MATERIAL SHOWN:

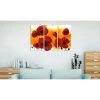 Tableau Triptyque Coquelicots Fond Orange Et Blanc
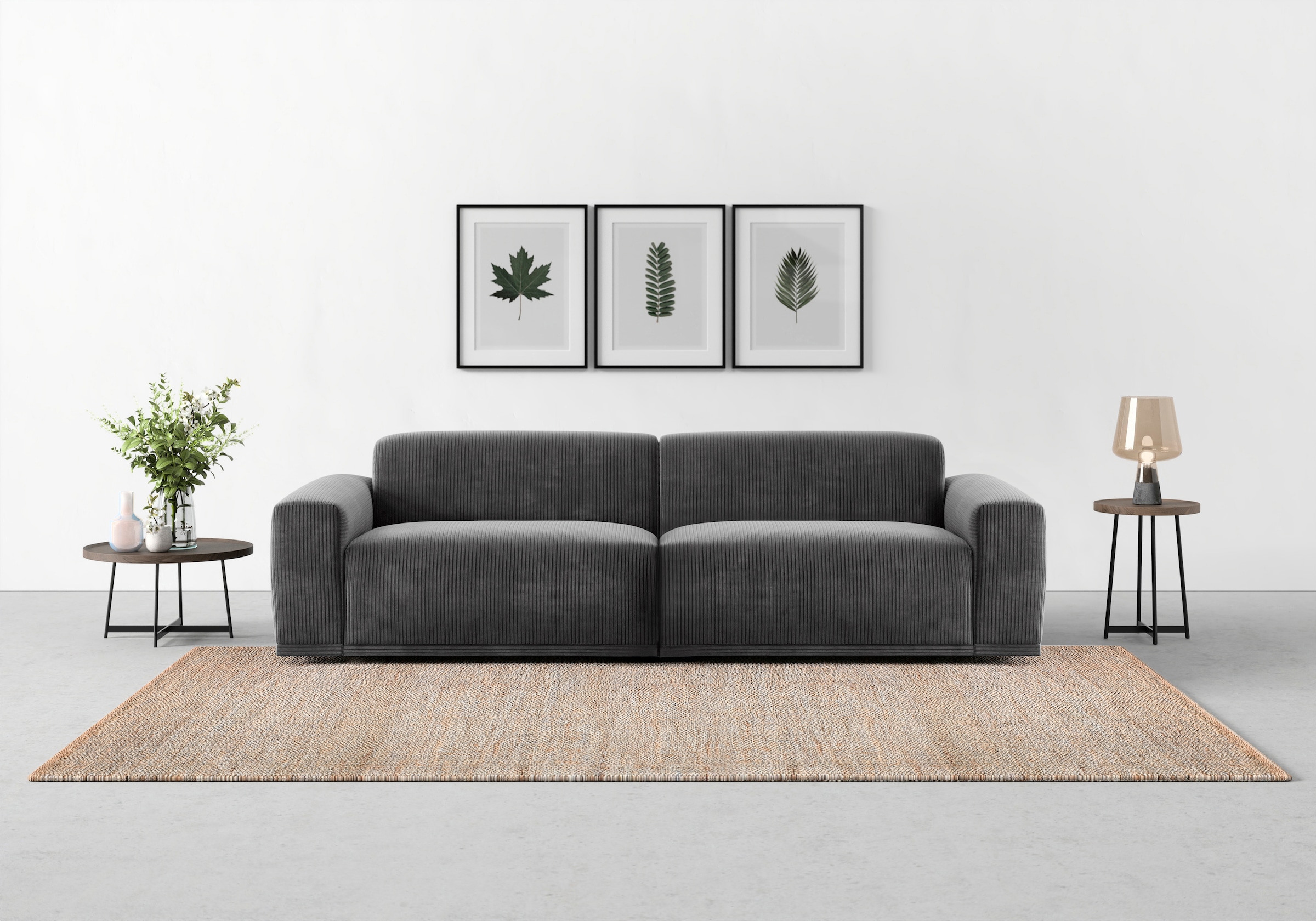 TRENDMANUFAKTUR Big-Sofa "Braga Japandi-Design, mit hochwertigem Kaltschaum, Megasofa, in Cord" modernes Big-Sofa, Couch mit hohem Sitzkomfort, 254/72/107 cm (B/H/T)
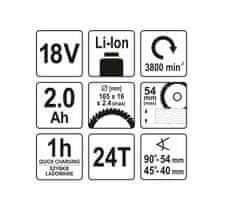 YATO Komplet 165mm krožna žaga 18V 2Ah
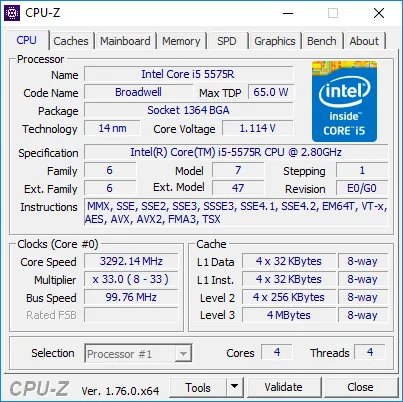 Проверка компьютера на ошибки с помощью CPU-Z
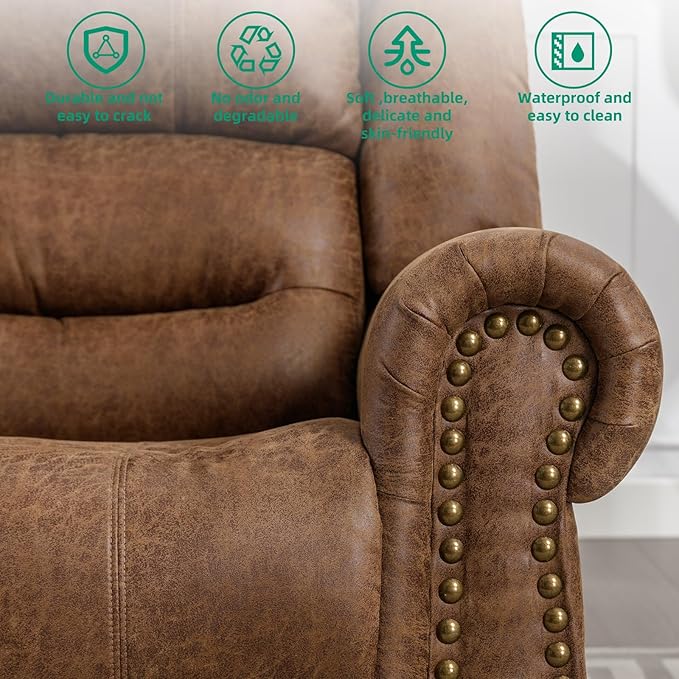 VIVIJASON Massage Swivel Rocker Recliner Chair with Heat &amp Vibration 360° Swivel Manual Glider Rocking Reclining Chair with Remote Control Side Pockets &amp USB Ports for Living Room Nut Brown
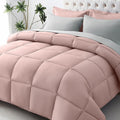 JOLLYVOGUE King Comforter Set, Ultra-Soft Bed in a Bag King Size 7 Pieces, Oeko-TEX Certified Bedding Set with Down Alternative Comforter, Sheets, Pillowcases & Shams, Pink & Light Grey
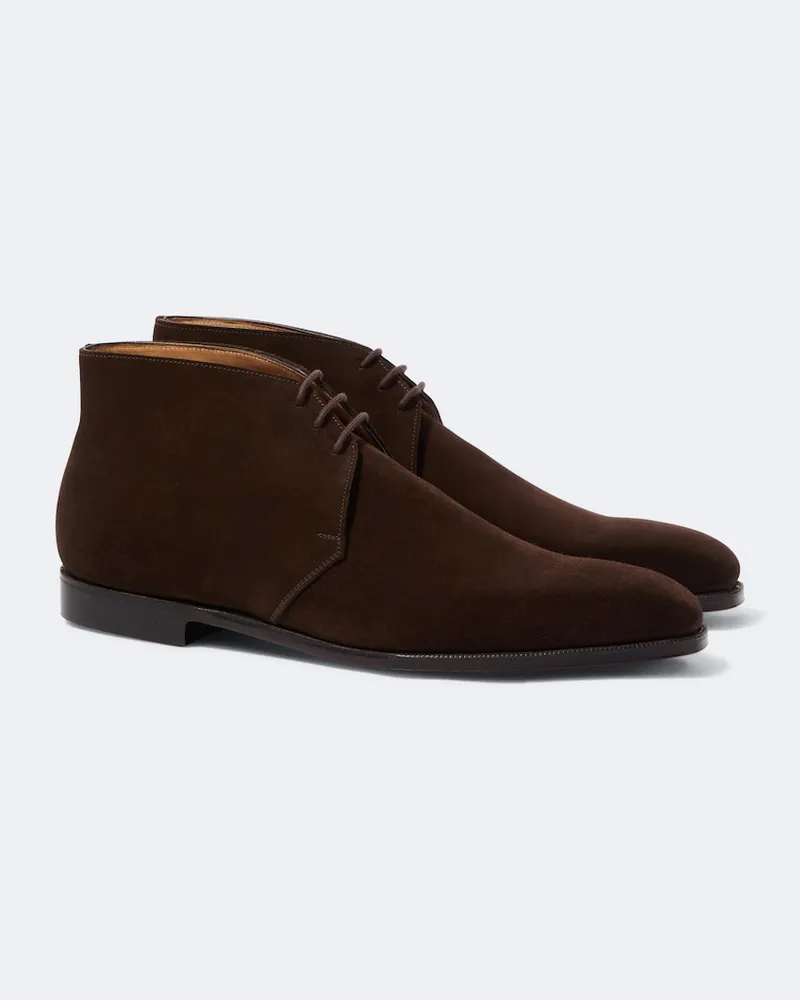George Cleverley Ankle Boots Nathan aus Veloursleder Braun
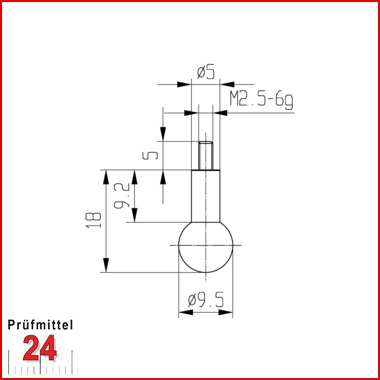 Messeinsatz für Messuhr Ø 9,5 mm Typ: 110
Stahl rostfrei  573/19 9,5
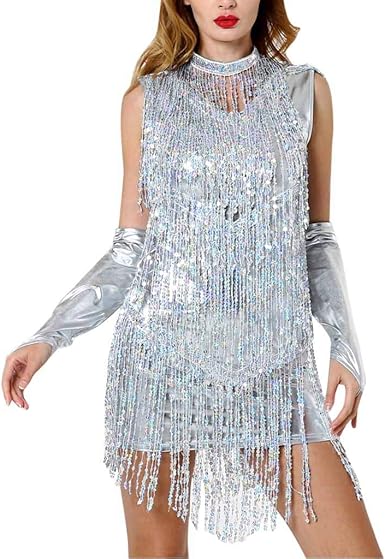 silver sequin tassel dress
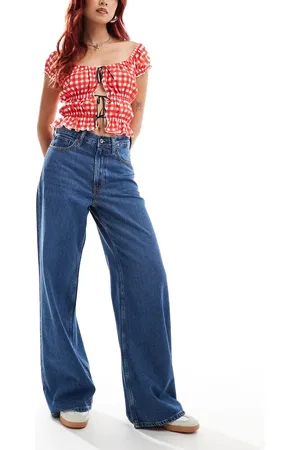 Abercrombie & Fitch High rise wide leg jean in mid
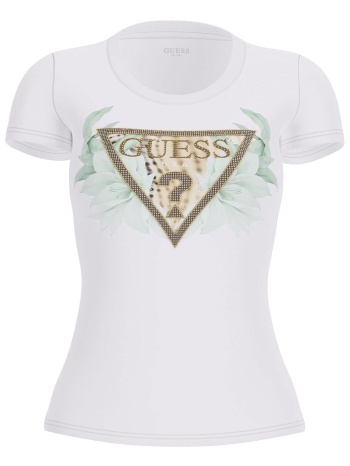 guess γυναικείο t-shirt και τριγωνικό λογότυπο με floral σε προσφορά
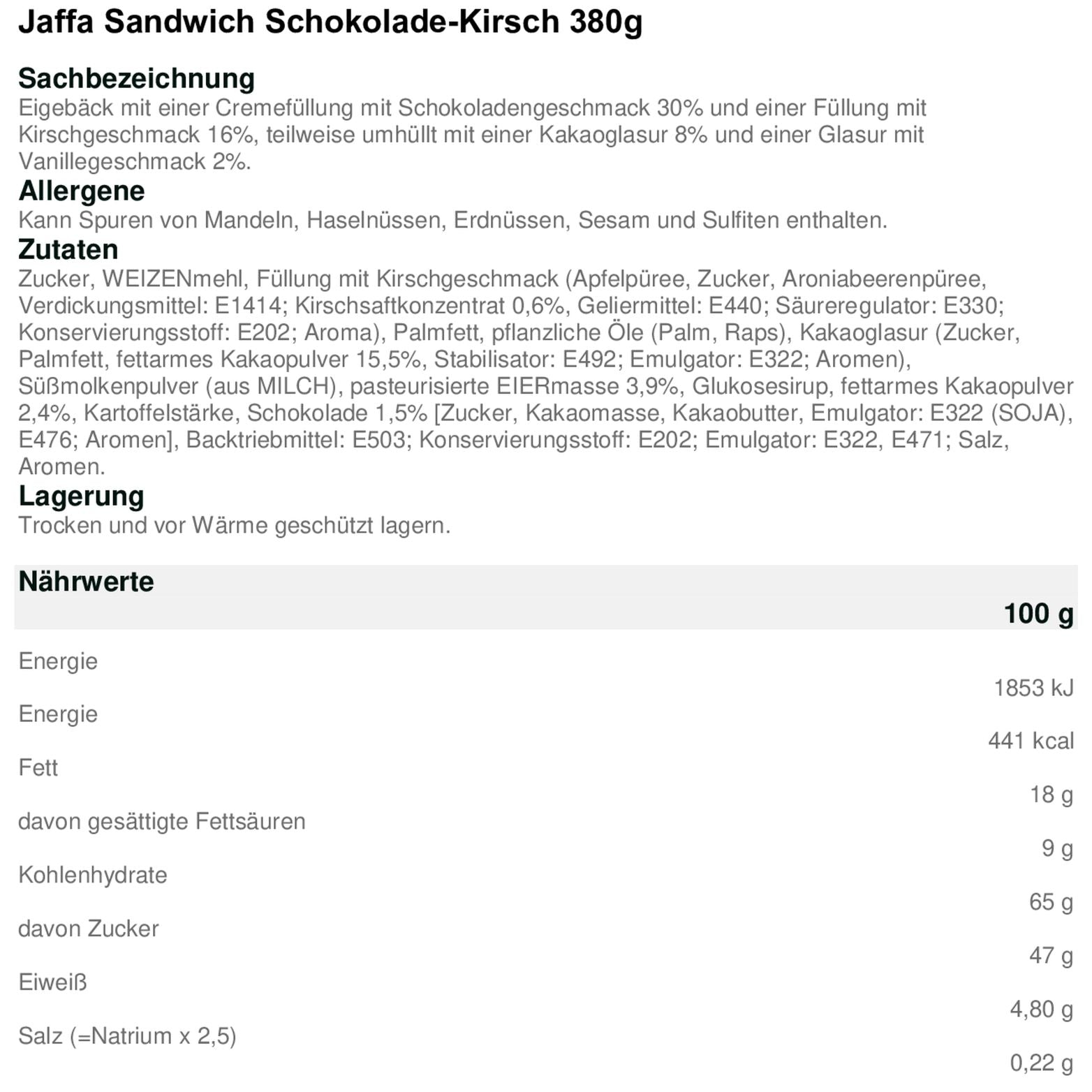 Feiny Biscuits Jaffa Sandwich Kirsch 380g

TASK: Without the pictures, set down the lines above from the line with "254/72/107 cm (B/H/T)" up to and including the line with "VIVIJASON Massage Swivel" exactly as they stand.

SOLUTION TO THE EXERCISE:
 TRENDMANUFAKTUR Big-Sofa "Braga Japandi-Design, mit hochwertigem Kaltschaum, Megasofa, in Cord" modernes Big-Sofa, Couch mit hohem Sitzkomfort, 254/72/107 cm (B/H/T)
 YATO Komplet 165mm krožna žaga 18V 2Ah
 Проверка компьютера на ошибки с помощью CPU-Z
 VIVIJASON Massage Swivel Rocker Recliner Chair with Heat &amp Vibration 360° Swivel Manual Glider Rocking Reclining Chair with Remote Control Side Pockets &amp USB Ports for Living Room Nut Brown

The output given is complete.